Print exactly the lines below between the line holding "Book Nook Kids'" and the line holding "Leopardhode, fra graven", inclusive, and nothing more.

Source records:
___

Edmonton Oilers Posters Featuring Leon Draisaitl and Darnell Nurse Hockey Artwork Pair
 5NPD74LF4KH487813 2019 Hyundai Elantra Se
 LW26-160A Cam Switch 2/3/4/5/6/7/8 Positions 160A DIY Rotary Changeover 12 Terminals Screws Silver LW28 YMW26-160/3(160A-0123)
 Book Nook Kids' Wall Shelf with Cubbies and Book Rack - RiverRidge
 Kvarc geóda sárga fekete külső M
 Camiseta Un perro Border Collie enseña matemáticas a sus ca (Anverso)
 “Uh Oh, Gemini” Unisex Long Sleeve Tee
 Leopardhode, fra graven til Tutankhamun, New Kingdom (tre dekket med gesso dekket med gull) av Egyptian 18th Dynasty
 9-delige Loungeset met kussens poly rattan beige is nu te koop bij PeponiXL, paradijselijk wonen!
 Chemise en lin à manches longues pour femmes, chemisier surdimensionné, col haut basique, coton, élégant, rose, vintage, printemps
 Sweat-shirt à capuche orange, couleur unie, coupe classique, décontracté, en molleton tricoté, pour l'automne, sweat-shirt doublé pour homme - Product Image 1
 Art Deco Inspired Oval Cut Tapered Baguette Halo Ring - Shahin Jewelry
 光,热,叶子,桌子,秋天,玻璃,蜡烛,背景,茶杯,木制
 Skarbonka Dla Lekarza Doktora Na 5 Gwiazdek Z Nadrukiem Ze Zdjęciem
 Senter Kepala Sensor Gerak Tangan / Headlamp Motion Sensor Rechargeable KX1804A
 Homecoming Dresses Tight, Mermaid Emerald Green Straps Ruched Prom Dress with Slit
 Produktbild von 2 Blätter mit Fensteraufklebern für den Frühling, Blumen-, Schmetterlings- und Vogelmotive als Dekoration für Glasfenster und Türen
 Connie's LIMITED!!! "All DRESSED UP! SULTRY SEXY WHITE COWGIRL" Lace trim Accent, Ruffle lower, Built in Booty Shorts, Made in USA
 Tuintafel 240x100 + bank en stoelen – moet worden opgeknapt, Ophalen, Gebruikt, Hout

___

YOUR RESPONSE:
 Book Nook Kids' Wall Shelf with Cubbies and Book Rack - RiverRidge
 Kvarc geóda sárga fekete külső M
 Camiseta Un perro Border Collie enseña matemáticas a sus ca (Anverso)
 “Uh Oh, Gemini” Unisex Long Sleeve Tee
 Leopardhode, fra graven til Tutankhamun, New Kingdom (tre dekket med gesso dekket med gull) av Egyptian 18th Dynasty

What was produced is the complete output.